> PROBLEM TO WORK ON: Give back the whole listing verbatim, printing none of its pictures.

> THE RECORDS:
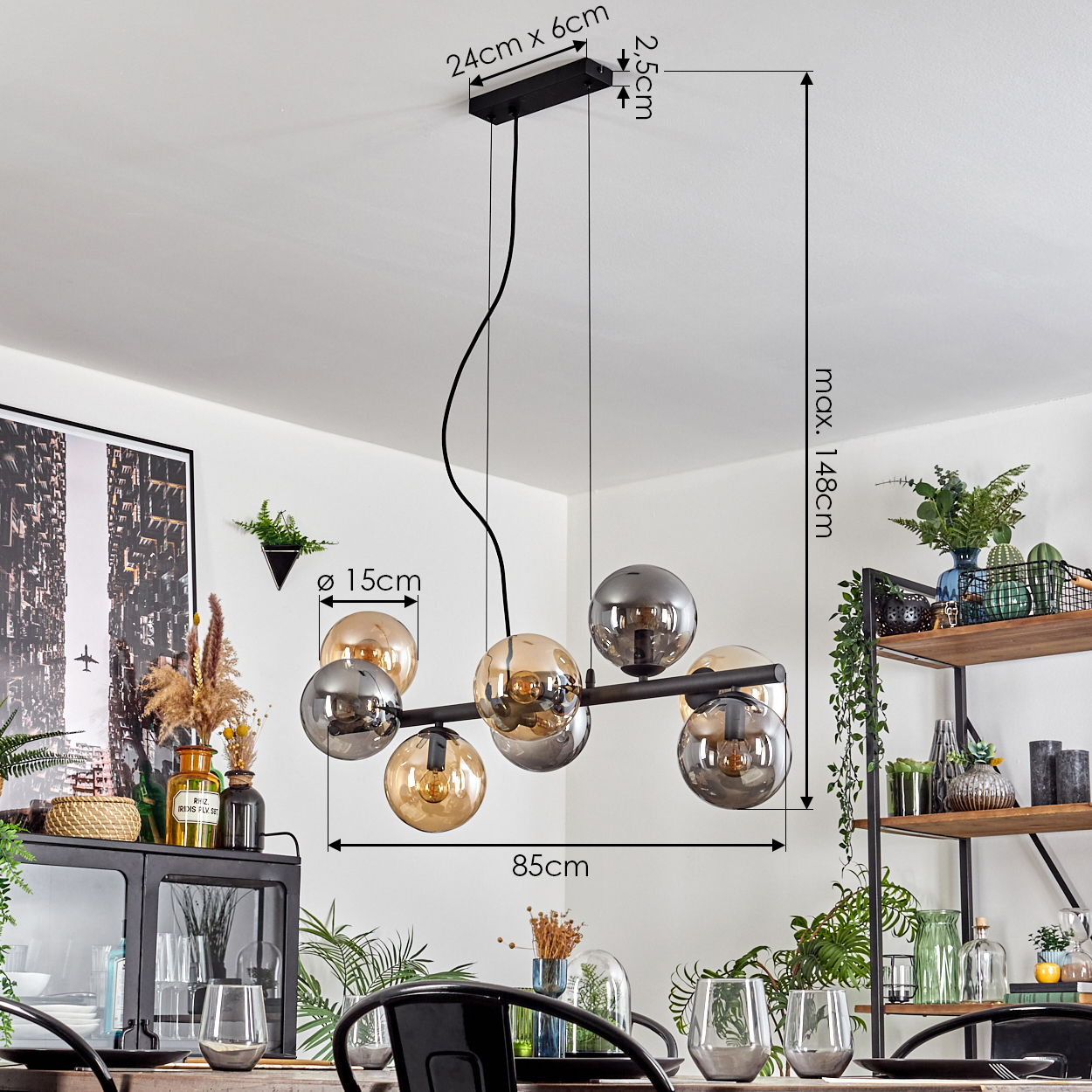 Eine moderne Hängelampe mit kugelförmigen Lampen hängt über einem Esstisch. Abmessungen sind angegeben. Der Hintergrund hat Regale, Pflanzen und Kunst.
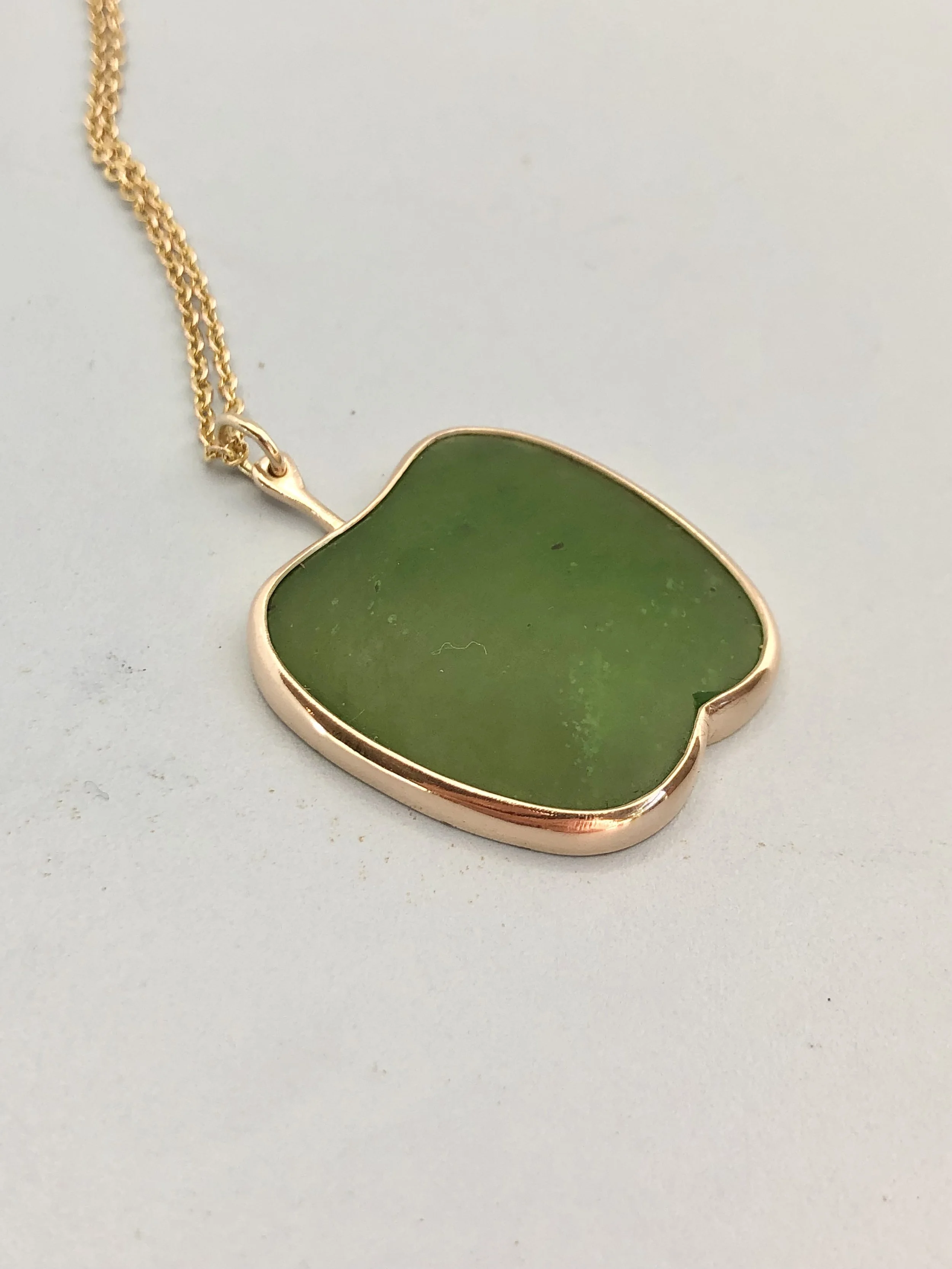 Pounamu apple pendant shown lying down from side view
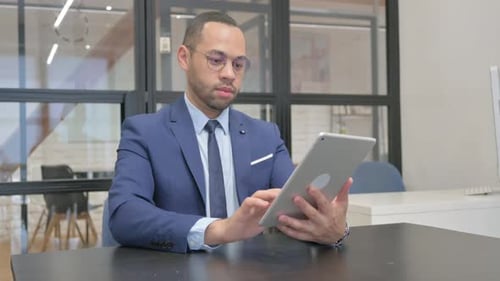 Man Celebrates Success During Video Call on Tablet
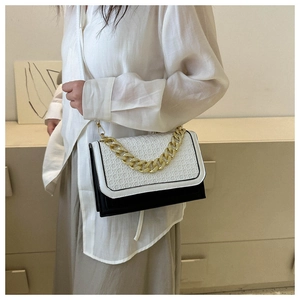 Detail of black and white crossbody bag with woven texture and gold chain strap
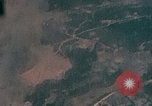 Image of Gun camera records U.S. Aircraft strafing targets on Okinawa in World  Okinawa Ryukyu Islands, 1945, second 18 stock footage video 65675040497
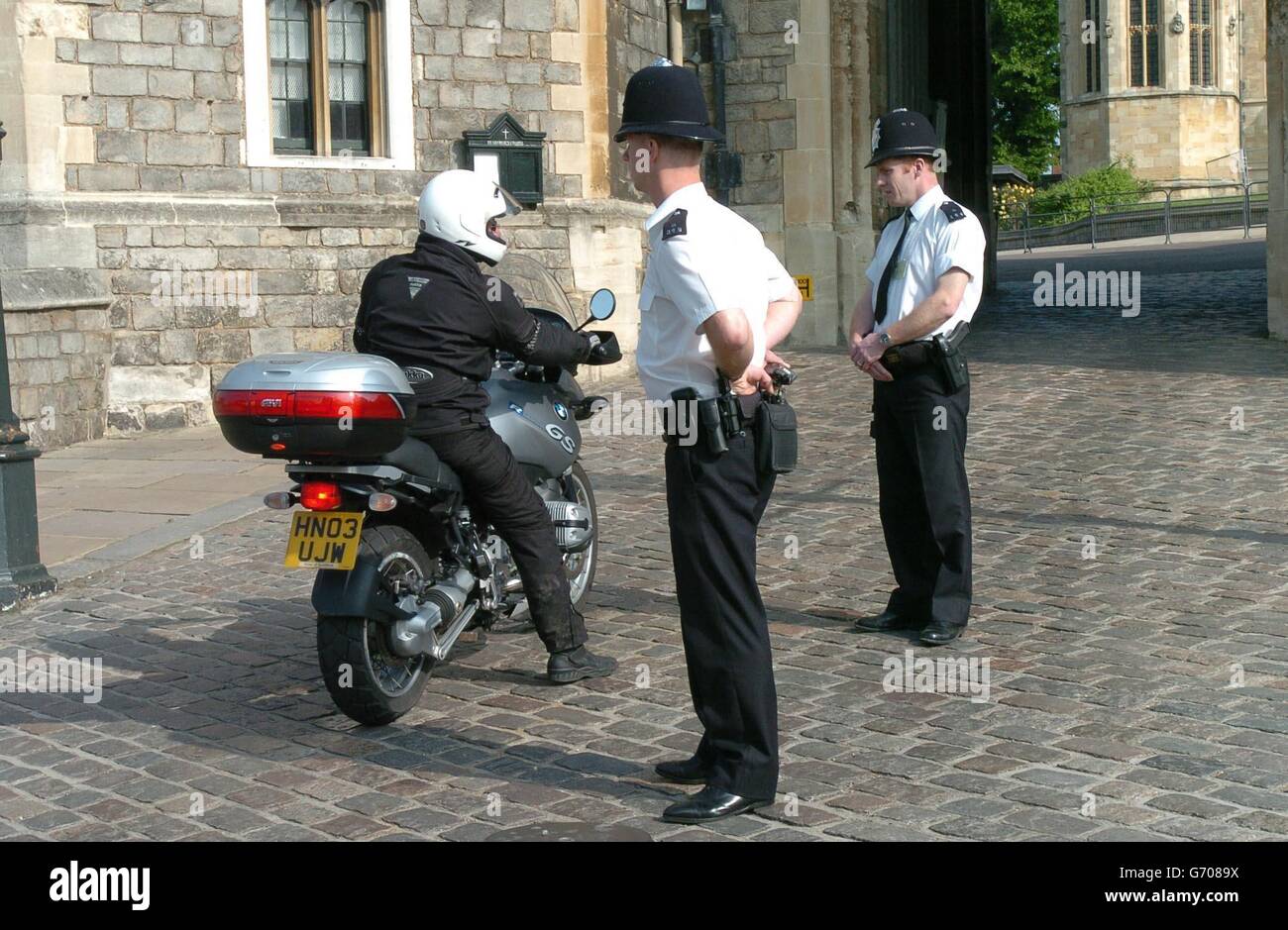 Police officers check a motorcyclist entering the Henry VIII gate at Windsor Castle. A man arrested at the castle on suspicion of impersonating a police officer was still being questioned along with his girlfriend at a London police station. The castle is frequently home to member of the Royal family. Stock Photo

> SOLVED PROBLEM:
 Eine moderne Hängelampe mit kugelförmigen Lampen hängt über einem Esstisch. Abmessungen sind angegeben. Der Hintergrund hat Regale, Pflanzen und Kunst.
 Pounamu apple pendant shown lying down from side view
 Man Celebrates Success During Video Call on Tablet
 Detail of black and white crossbody bag with woven texture and gold chain strap
 Image of Gun camera records U.S. Aircraft strafing targets on Okinawa in World  Okinawa Ryukyu Islands, 1945, second 18 stock footage video 65675040497
 Police officers check a motorcyclist entering the Henry VIII gate at Windsor Castle. A man arrested at the castle on suspicion of impersonating a police officer was still being questioned along with his girlfriend at a London police station. The castle is frequently home to member of the Royal family. Stock Photo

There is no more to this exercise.